I examined her strictly as to the motives which prompted her to become a Christian, as her Biblical knowledge of Christianity was yet very imperfect; and after I was satisfied that she really had been enlightened, by the Holy Spirit, to see her lost state by nature, and that she could only be saved by the Lord Jesus Christ, I told her that I could only advise her, when she in the afternoon had to go to Dr. Heinemann for instruction, to tell him that her heart and conscience prompted her to become a Christian, and that she never would remain in the Jewish religion ; if these be the true sentiments of her heart. I also advised her to go home to her parents, and make known to them in humility, but with frankness, her faith in the Saviour, and her heart's desire to become a Christian. I told her that if they hindered her, she must obey God before even her parents, for both the Old and New Testaments enjoin this, and no man has a right to place himself between God and our soul, as every man must give an account of himself to the judge of all the earth.

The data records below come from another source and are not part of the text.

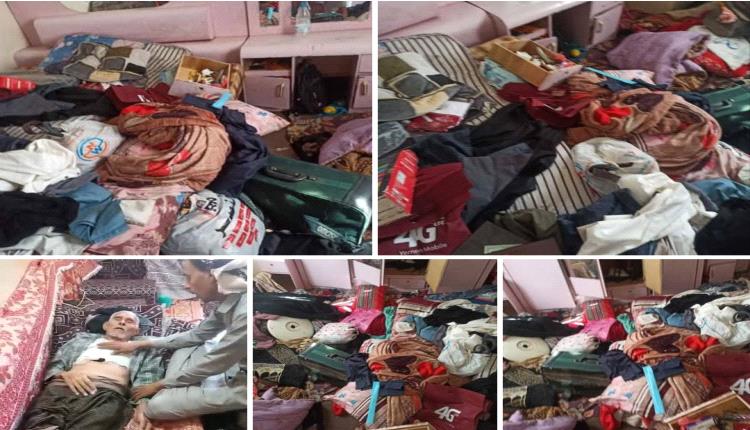 الحوثي يقتحم منزل إعلامي موالي بصنعاء ويختطفه بعد فضحه قيادات الجماعة.. وينهب ذهب وثياب زوجته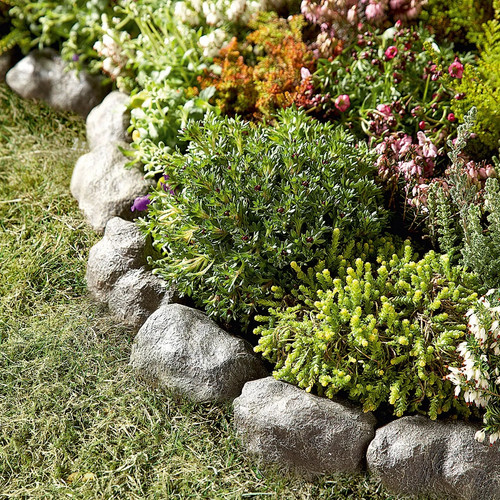 Instant rockery stones - instant, set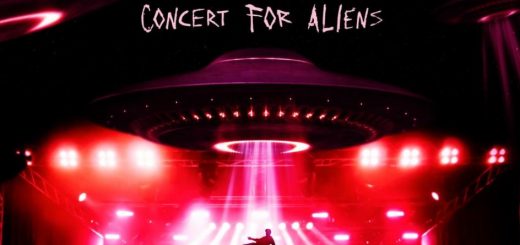 Concert for Aliens by Machine Gun Kelly
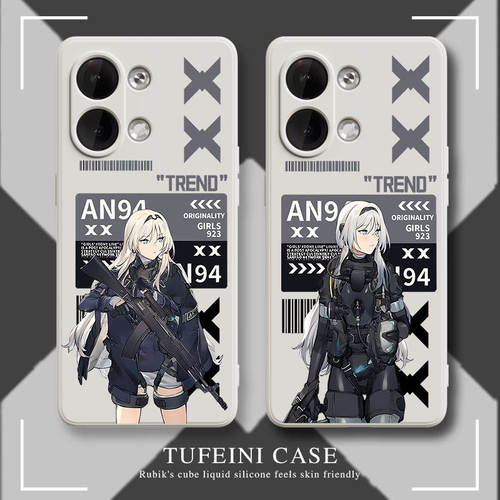 少女前线vivoX27手机壳oK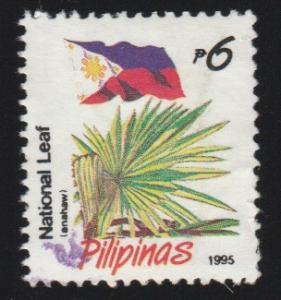 2223Bc  National Leaf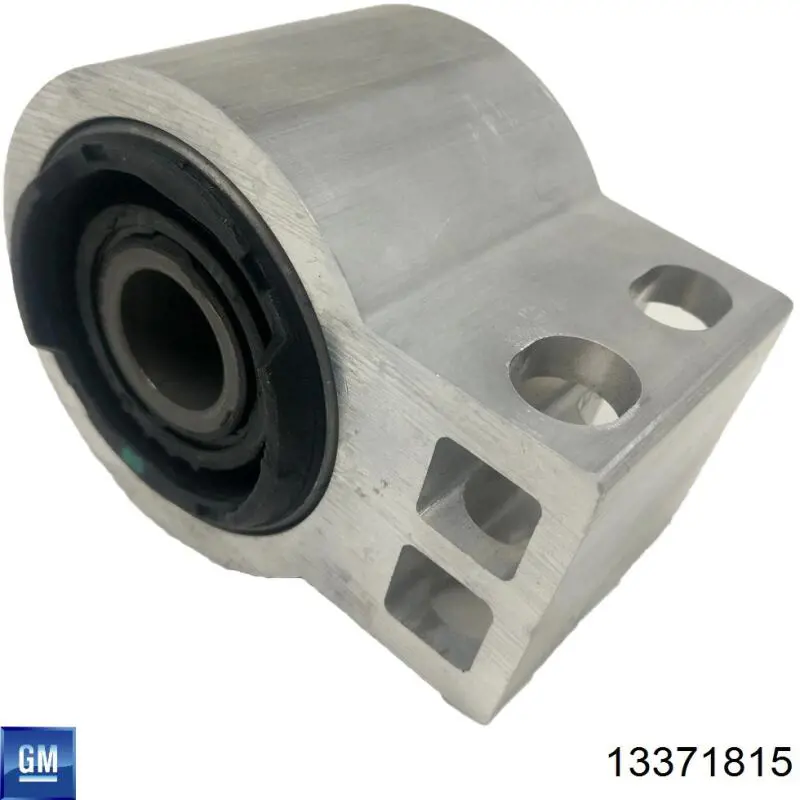 Silentblock przedniego wahacza dolnego General Motors 13371815 cena, od 39,42 USD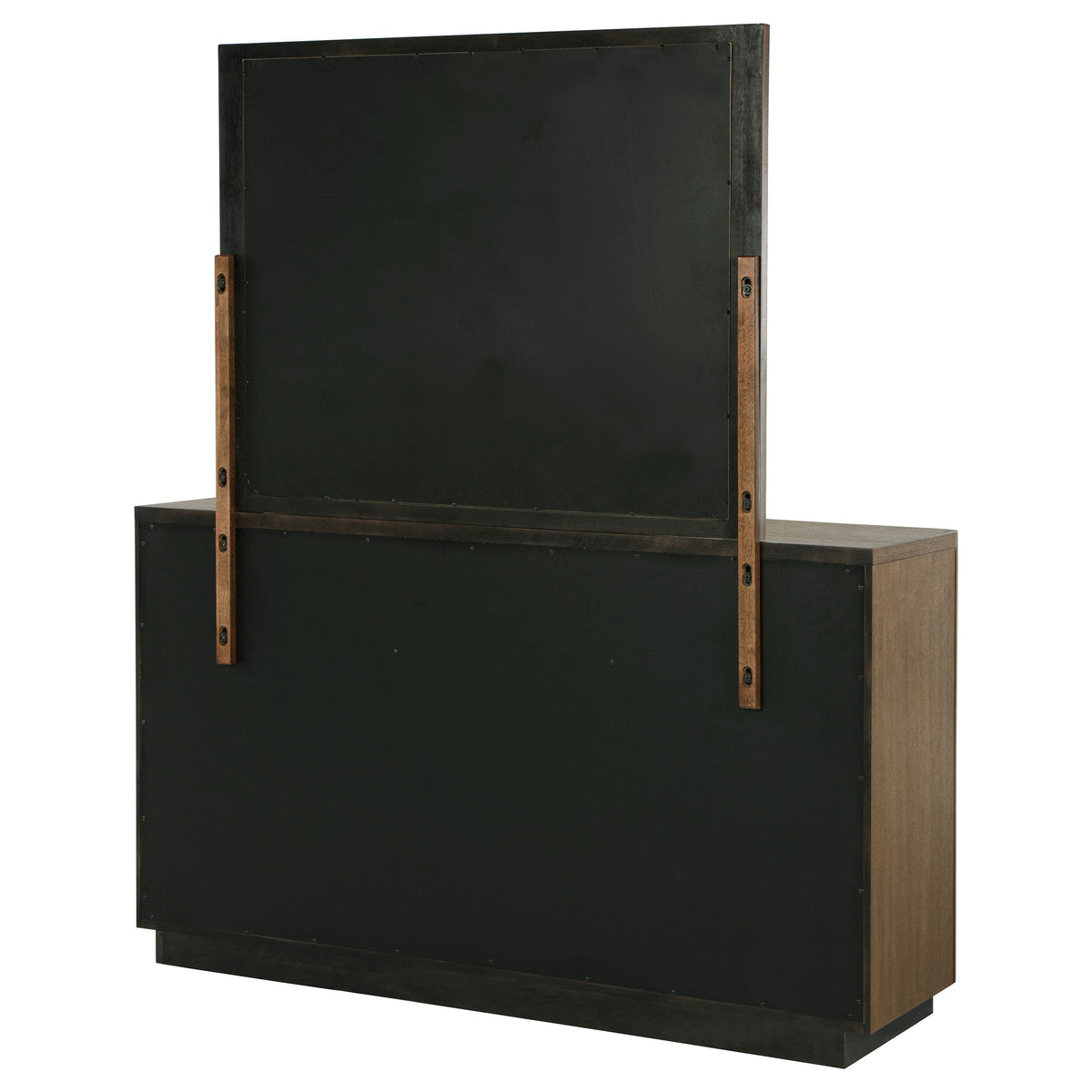 Terrace Dresser with Mirrors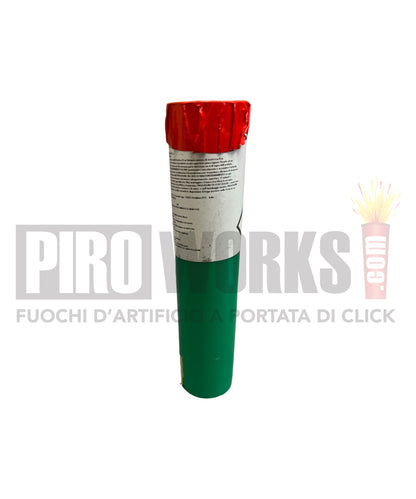 Monogetto | Fumata+Blink | 40mm | Vari Colori | Uso Professionale | Con Accenditori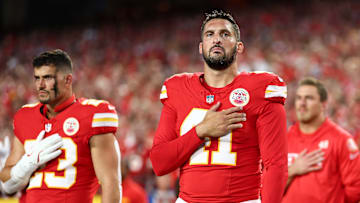 Baltimore Ravens v Kansas City Chiefs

I begged her to pray for peace from the Saviour to strengthen her to make this confession, and promised her that I would assist her with my prayers, that she may remain constant and firm after she had made this confession; and exhorted her, in case her parents did treat her ill on account of it, to bear it with patience and resignation, remembering what the Saviour had suffered for her. I said that in case her parents should cast her out of the house for her steadfastness and attachment to Christ, I trusted, I should be able to find some friends for her, who will protect and assist her. But it would be well for her own soul, and an evidence of her sincerity, both to me and my few Christian friends, if she, by this, proves the reality of her faith ; and she might, by this means, encourage two or three other young Jewesses, who are in the same predicament, also to step forward and make a confession of the Saviour.

She then left me, grateful for what I had told her, and with the resolution to follow my advice.